Park Lab Participant Appreciation Event Draws Crowd to CVL
The Park Aging Mind Lab held a special appreciation event for all of their community-based research participants on August 6, attracting scores of past and present volunteers in CVL studies. Attendees were served brunch and heard results from the very studies in which they participated, such as the Dallas Lifespan Brain Study (DLBS) and the Synapse Project.
Center co-director Dr. Denise Park gave a special welcome to the group.
“We thank each of you for contributing your time so generously to science, and by doing so, helping us arrive at new insights into how healthy minds and brain work and change as we age. Without you, our research would not be possible,” she said.

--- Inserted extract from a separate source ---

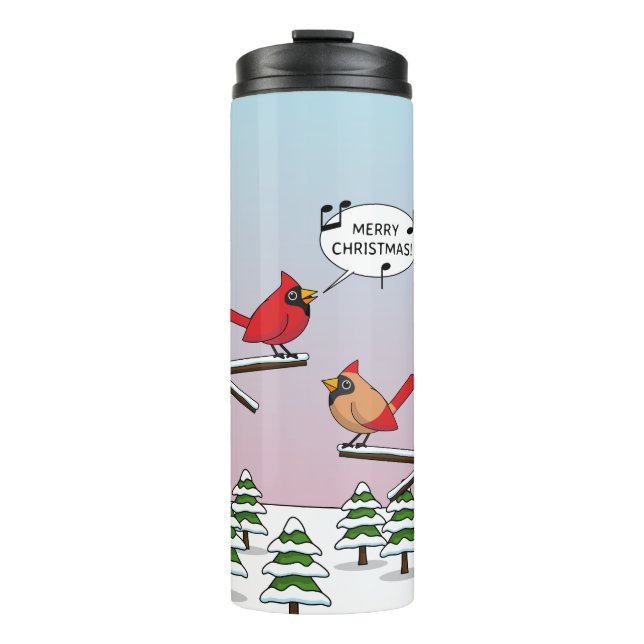 Termo Cardenal rojo curado canta Feliz Navidad (Anverso)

DLBS is a large-scale research project looking into neural and cognitive aging across the entire adult lifespan from age 20 to 90. This study involves a search for a “neural signature” that is characteristic of healthy cognition, and also is searching for the neural footprint in middle age that predicts cognitive health or frailty in old age.
Attendees learned about new Park Lab-based research as well, specifically Dr. Kristen Kennedy’s work on imaging and the thinning of certain areas of the brain as it ages. Dr. Kennedy was followed by Dr. Gerard Bischof, who earned his doctorate over the summer. Dr. Bischof gave attendees a glimpse of his academic journey and a path that started in Germany and eventually led him to the Center, where his work focuses on amyloid deposition.
Two postdoctoral students also gave presentations on findings related to the aging brain and specific interventions, such as iPad use, that, in the novice, may help strengthen cognition, similar to what researchers found in the quilting and digital photography arms of the other hallmark Park Lab study, the Synapse Project.
Among the guests and attendees were husband and wife Nathan and Dorothy Ivey.
The couple, who have been part of CVL studies for the last four years, attribute part of their cognitive vitality to participating in CVL research.
“To me, the work of the Center is terribly important,” Nathan said. “We’ve been delighted to participate – one thing is clear, though – my wife’s memory is better,” he smiled.
Dorothy, a retired high school teacher, mostly history and English, is an active Scrabble player with her husband. She also uses an iPad daily, she says. They have three advanced degrees among them. Both also credit their education and intellectual curiosity with helping to retain their cognitive vitality.
Finally, in new work being explored by CVL research scientist Zhuang Song, himself new to the Center as of this year, participants also learned about a just-launched sleep study that is looking into the effects of sleep patterns on neural and cognitive processes.
Participant James Frame spoke after the event about friends he knows, who are actively pursuing strategies and lifestyles that keep them mentally agile. His recommendation to them is to participate in CVL studies because of his own experience.
“Personally I have been keenly aware of the great research here, and I am glad to be a part of it,” he said. “I plan to be active for at least 22 more years, and will hopefully benefit from this research. I learned a lot, and felt honored to have been invited. Particularly helpful was the information that our brains rejuvenate by learning new things.”